Oleh: Agus Wahid
Masih belum berubah. Yaitu Presidential Threshold atau ambang batas kepresidenan (ABK) 20%. Uji materi Pasal 222 UU No. 7 Tahun 2017 yang diajukan sejumlah kalangan pada 2018 tidak dikabulkan oleh Mahkamah Konstitusi (MK) dengan alasan ABK untuk menyederhanakan jumlah partai sekeligus memperkuat sistem presidential. Jika tetap tak berubah, maka sistem pemilu kepresidenan pada 2024 mendatang juga tetap akan memberlakukan ABK itu.
Kita perlu mencatat, bagaimana kedudukannya di hadapan konstitusi dana tau sistem demokrasi. Jelaslah sangat paradoks. Ketentuan ini menabrak prinsip demokrasi sekaligus tujuan utama kontestasi kepemimpinan nasional dalam upaya demokratis mendapatkan calon pemimpin yang kridebel, mumpuni dan berintegritas yang siap mengantarkan negeri ini lebih maju, serta mampu menciptakan keadilan dan kesejahteraan secara riil, bukan janji semata. Sesuai amanat konstitusi atau pesan pendiri negeri ini.
Yang perlu kita cermati lebh jauh, bagaimana dampak destruktif dari pemberlakuan ABK itu? Haruskah ABK yang sangat diskriminatif dan destruktif ini dipertahankan? Apakah implikasi faktual tentang ketidakmampuan sang pemimpin produk ABK saat ini tidak dijadikan pelajaran berharga untuk mengkaji ulang penolakan Mahkamah Konstitusi (MK) yang menolak uji materi Pasal 222 UU No. 7 Tahun 2017, terkait ABK itu?
Dalam kaitan itu, ada beberapa dampak yang perlu kita analisis lebih jauh. Pertama, PT 20% tersebut hanya mendorong gerakan koalisi partai untuk kepentingan pragmatis. Jauh dari cita-cita dan tujuan perhelatan pemilihan kepemimpinan nasional. Gerakan koalisi secara langsung atau tidak hanya mengakibatkan faksi politik dalam gugus kesatuan negara tercinta ini. Dampaknya jelas, perpecahan di level grass-root, bahkan kalangan elitis, minimal semasa proses politik kontestasi.
Fakta bicara, residu politik itu terus terpelihara meski perhelatan sudah usai, sehingga konflik diameteral sering kita saksikan di jagad negeri ini. Pemandangan buruk itu masih terasa dan terlihat. Sampai detik ini. Dalam bentuk kriminalisasi, gesekan sosial dan perlakuan diskriminasi hukum dan lainnya. Sangat tidak dewasa memang. Tapi, panggung politik masih menampak di negeri ini.
Di sisi lain sebagai hal kedua implikasi dari koalisi partai adalah memaksa pembatasan jumlah kontestan pemilihan kepresidenan, baik sebagai partai ataupun sosok personal.
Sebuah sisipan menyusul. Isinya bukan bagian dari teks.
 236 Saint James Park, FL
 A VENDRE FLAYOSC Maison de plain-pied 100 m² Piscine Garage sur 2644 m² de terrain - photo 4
Dalam perspektif demokrasi, pembatasan itu jelas-jelas menggambarkan pemasungan dan atau mengubur hak asasi politik kandidat manapun, padahal posisi hukumnya dijamin prinsip demokrasi dan konstitusi (Pasal 28 UUD 1945). Ketiga, pemberlakuan ABK tersebut secara langsung atau tidak – mengamputasi, setidaknya mengabaikan, warga negara yang punya kompetensi mumpuni, berkarakter dan punya rekam jejak yang baik dari sisi integritas.
Yang memprihatinkan, ketentuan ABK – secara langsung – berlaku bagi kandidat yang berada di luar kandang partai, sehingga ia atau mereka tak punya hak atau kesempatan memimpin. Maka, merupakan kerugian besar bagi bangsa dan negara jika kandidat yang terhadang itu terketagori memenuhi prasyarat sosok pemimpin ideal yang sejatinya dicari untuk bangsa dan negeri ini, apalagi negara sedang dilanda krisis multidimensi yang cukup serius.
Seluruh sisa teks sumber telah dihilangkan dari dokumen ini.